Diário dos dez dias - dia 1
Peguei o atestado ontem, e o prazo começa de ontem, mas como fui trabalhar, considero hoje o primeiro dia. Vamos lá.
Na sexta-feira, dia 27 de maio, estava eu em sala, falando sobre Fashion, capítulo 2 do livro Become 9º ano, passava um vocabulário sobre types of cloth. Um menino deu um tapa na nuca do outro, uma brincadeirinha tão leve e saudável, não é mesmo? Mas o outro não levou na brincadeira e começaram a se socar, literalmente em sala. Eu fui com o livro para cima deles, mas vi que a briga não ia parar, portanto me afastei. percebi que alguns alunos começaram a filmar e pedi que parassem, mas obviamente eles não atenderam. Pedi que o vice-diretor fosse chamado, ao avistá-lo, fui ao encontro dele, ao passo que na sala os alunos arrumaram todas as cadeiras e carteiras que os lindos brigões derrubaram. Quando cheguei à sala com o vice-diretor, com quem estava falando da briga, alunos começaram a relatar o ocorrido e a atenção dele voltou-se para eles. Fiquei lá na sala enquanto ele saía com os brigões, sem saber o que fazer. A faculdade também tinha que ensinar sobre isso, né! Nossa, a formação do professor é tão precária!
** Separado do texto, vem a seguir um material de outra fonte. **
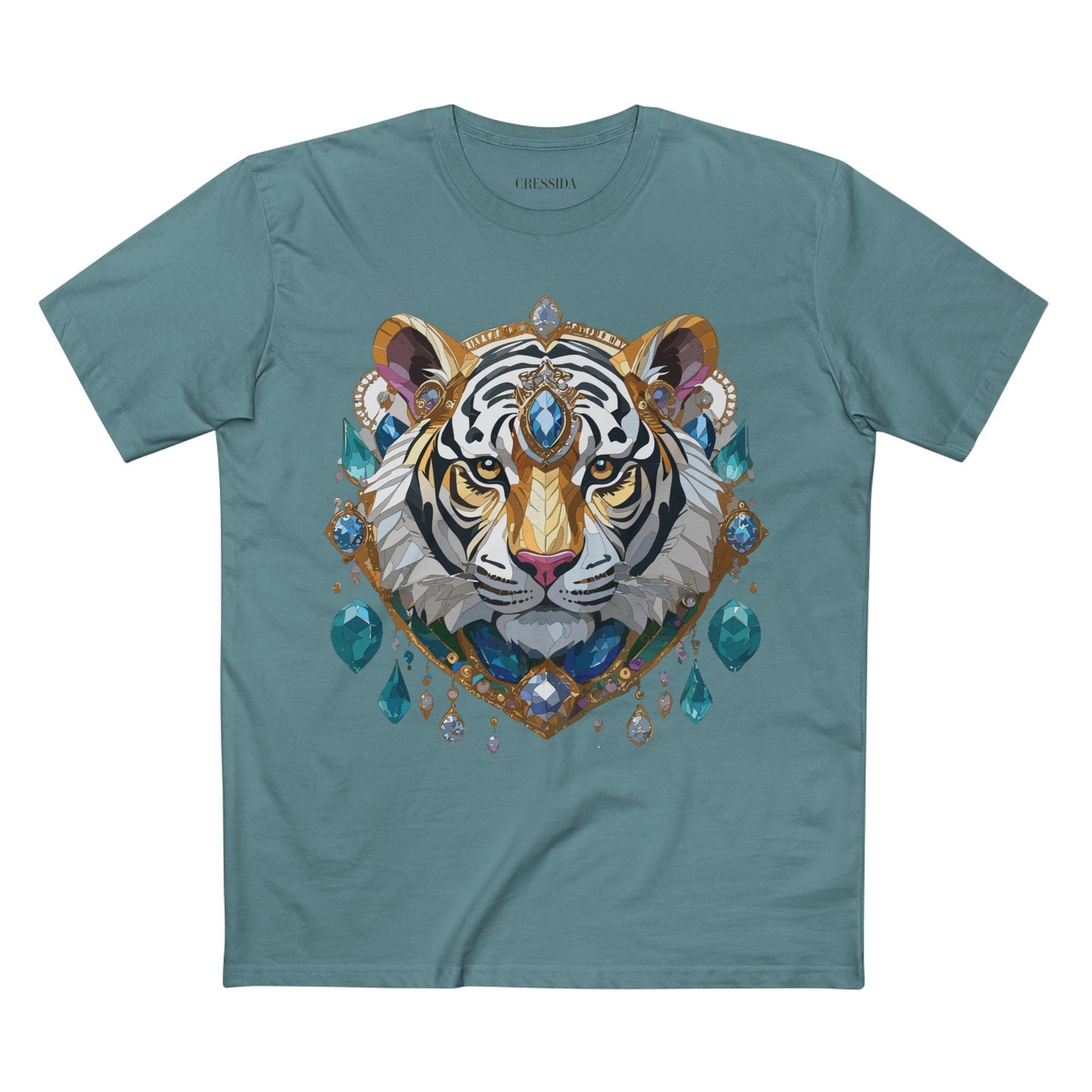 Tiger Graphic Unisex 100 Cotton Tee With Unique Animal Golden Medallion Art Design 53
Peguei uma cadeira e sentei do lado de fora da sala. Alguns vieram ver o que eu estava arrumando, mas como eu já estava em um processo sobrehumano de tentar esconder lágrimas e meu rosto avermelhado, peguei minhas coisas e desci para a sala dos professores. Depois de um tempinho, pensando já ter me acalmado, subi para a outra sala quando o sinal bateu. Ao começar a falar, minha voz embargou, a garganta seca começou a fechar, um fiapo de voz tremida e chorosa saía e eu só disse que não tinha condições de fazer nada naquele dia. Nisso, os alunos me olhavam abestados, alguns até rindo. Como se eu estivesse fazendo algum drama, ou interpretando alguma coisa. Como se a minha reação a uma violência descabida no meio de uma aula fosse igualmente descabida. Alguns deles também já tinham visto o vídeo, questão de segundos depois já sendo postado e compartilhado e, claro, eu apareci. Vídeo de briga em escola, para eles, é fonte de diversão. Eu não consegui nem ver. Não consigo achar violência normal.
No sábado, começamos a repor aulas, outra violência contra o professor que, apesar do direito à greve, tem o dever de reposição posterior. Estavam lá alguns alunos da turma dos alunos do UFC discente que vieram "em nome da turma" me pedir desculpas. Agradeci e aceitei, mas eu já não estava bem, o agradecimento foi forçado, eu já não queria estar ali.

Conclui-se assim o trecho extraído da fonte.